_Assignment_
Your job is to transcribe the material exactly, every line included.

━━━━━ Excerpted data ━━━━━

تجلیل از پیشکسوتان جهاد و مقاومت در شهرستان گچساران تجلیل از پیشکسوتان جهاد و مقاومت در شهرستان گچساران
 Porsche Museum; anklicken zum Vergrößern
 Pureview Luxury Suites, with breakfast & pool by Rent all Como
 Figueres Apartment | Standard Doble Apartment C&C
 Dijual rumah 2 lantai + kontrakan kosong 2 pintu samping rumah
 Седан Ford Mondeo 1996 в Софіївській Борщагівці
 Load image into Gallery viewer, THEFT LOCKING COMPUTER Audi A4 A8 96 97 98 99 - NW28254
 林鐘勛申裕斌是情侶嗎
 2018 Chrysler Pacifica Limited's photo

━━━━━

_Response below_
تجلیل از پیشکسوتان جهاد و مقاومت در شهرستان گچساران تجلیل از پیشکسوتان جهاد و مقاومت در شهرستان گچساران
 Porsche Museum; anklicken zum Vergrößern
 Pureview Luxury Suites, with breakfast & pool by Rent all Como
 Figueres Apartment | Standard Doble Apartment C&C
 Dijual rumah 2 lantai + kontrakan kosong 2 pintu samping rumah
 Седан Ford Mondeo 1996 в Софіївській Борщагівці
 Load image into Gallery viewer, THEFT LOCKING COMPUTER Audi A4 A8 96 97 98 99 - NW28254
 林鐘勛申裕斌是情侶嗎
 2018 Chrysler Pacifica Limited's photo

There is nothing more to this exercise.